Accounting Cycle
We often hear the company’s accounting cycle in the economic activities. What is company’s accounting cycle?. Accounting cycle is the process of making the company’s financial statements for a certain period of time.
Generally, the accounting cycle starts from the transaction to the preparation of the company’s financial statements. Then followed by the balance closed with closing journals or until the reversing journal.
Trading Company
A trading company is a company which its main business is purchasing goods from a supplier and selling them to consumers without changing the shape of the goods. As an examples are grocery stores and supermarkets. These businesses purchase the daily necessities from suppliers and resell them to consumers.
The Accounting Cycle In Trading Business
The accounting cycle in a trading company is no different from the service company. Either the service company or the trading company should record all transactions in the journal and then periodically recorded in the accounts in ledger. By the end of the period, the accounts balances are calculated and stated in the worksheet as a tool for preparing financial reports. Adjusting journals and closing journals are also carried out within the trading company, as well as the preparation of a post-closing trial balance should be done as the final stage in the accounting cycle.
- Transaction Identification. Starting from a transaction by identifying the transactions in any account. At a trading company, a seller will deliver his products and receive payment from buyer. The transaction here is identified as cash sales transactions.
- Post to Ledger. The next step is to post to the ledger,. It is the process of transferring journaled accounts to each ledger.

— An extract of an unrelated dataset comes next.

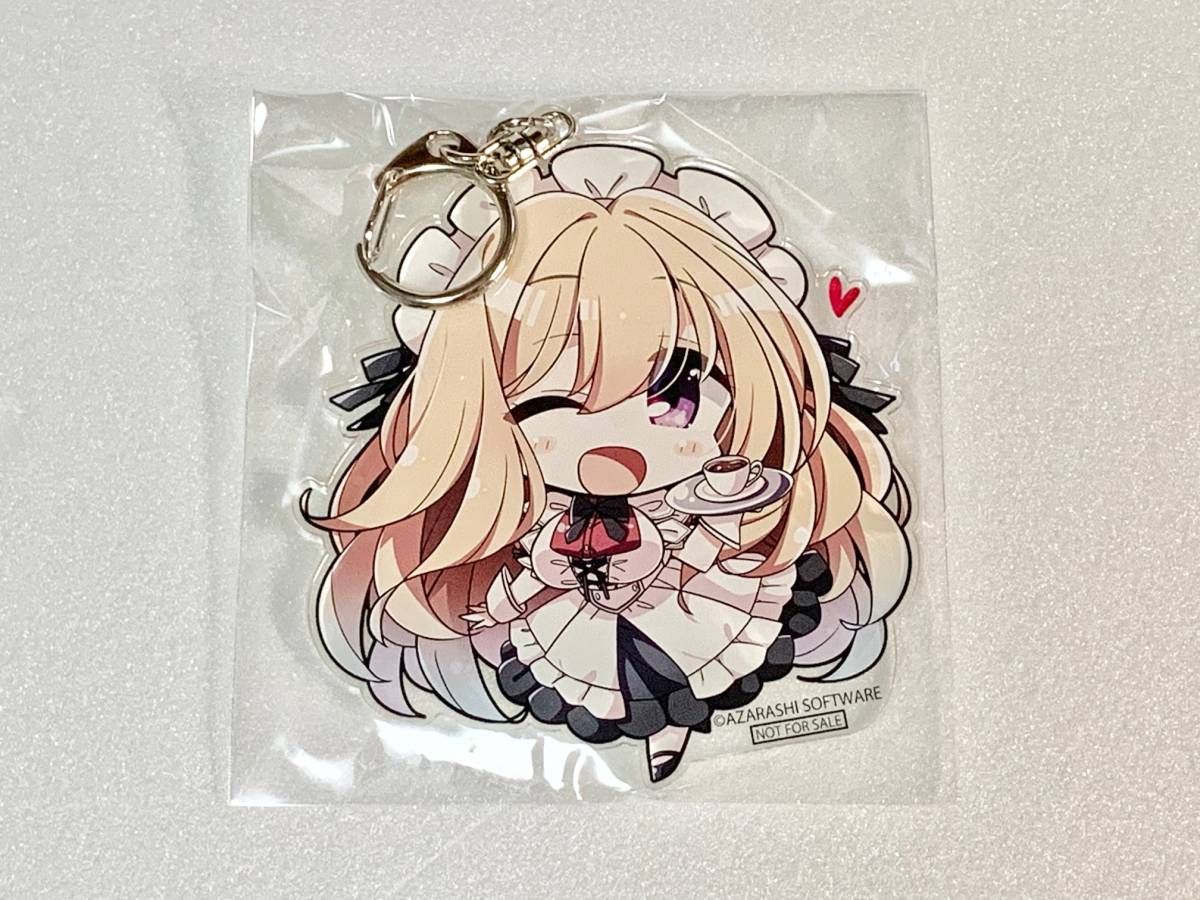 あざらしそふと アマカノ2 ソフマップ特典SDアクリルキーホルダー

- Make a Trial Balance. A trial balance lists the accounts used and their balance values serves to show that the debit and credit sides have balanced.

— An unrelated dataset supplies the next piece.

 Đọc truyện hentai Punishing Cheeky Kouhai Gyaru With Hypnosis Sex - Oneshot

- Adjusting Journal. Adjusting entries are made when there are errors in journalizing and posting or to ensure the costs and revenues have been recorded in the correct period.
- Trial Balance After Adjustment. The next stage is a combination of trial balance and adjustment journal, commonly called the trial balance after adjustment (adjusted trial balance).

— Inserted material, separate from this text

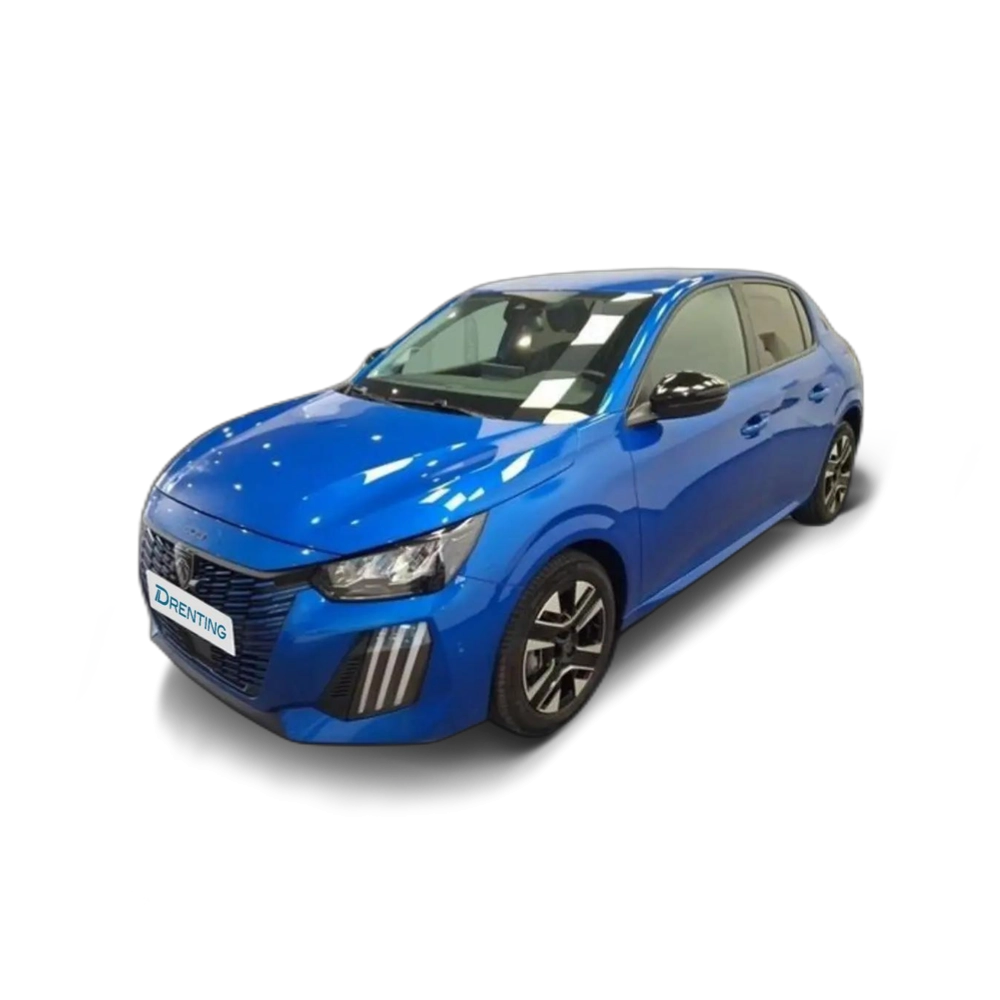 Peugeot 208 HYBRID 110 eDCS6 Allure Azul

- Preparing Financial Statements. After a trial balance after adjustment is set, the next step is to prepare the financial statements. The financial statements are the end result of the accounting process which serves a summary of financial transactions. The financial statements are presented with the purpose to provide the information regarding to the position of assets, debt, and capital of the company. In general, financial statements include income statement, capital change statement, and balance sheet. At this stage the existing accounts on the trial balance after the adjustment are transferred to the financial statements in accordance with their financial statements. As an example for the balance sheet, the accounts related to the balance sheet are the group accounts of property, debt and capital. The income statement contains income and expense accounts.
- Make a Closing Journal. The next step is to make a closing journal of the accounts in the income statement that is the income and expense accounts.
- Trial Balance After Closing. The following stage is the trial balance after closing. Same as in the trial balance after the previous adjustment by combining the trial balance with closing entries. This will be stated in the profit loss statement with zero balance.
- Reversing Journal.Reversing journal is an optional so it does not have to make it. It only applies for specific transactions. For example, advanced income transactions or prepaid expenses are journalized as costs.
Understanding accounting cycle for trading companies seems complicated. However it is necessary because it is the requirements in preparing financial statements. Understanding the flow of financial statement allows users to recognize the accurate financial position.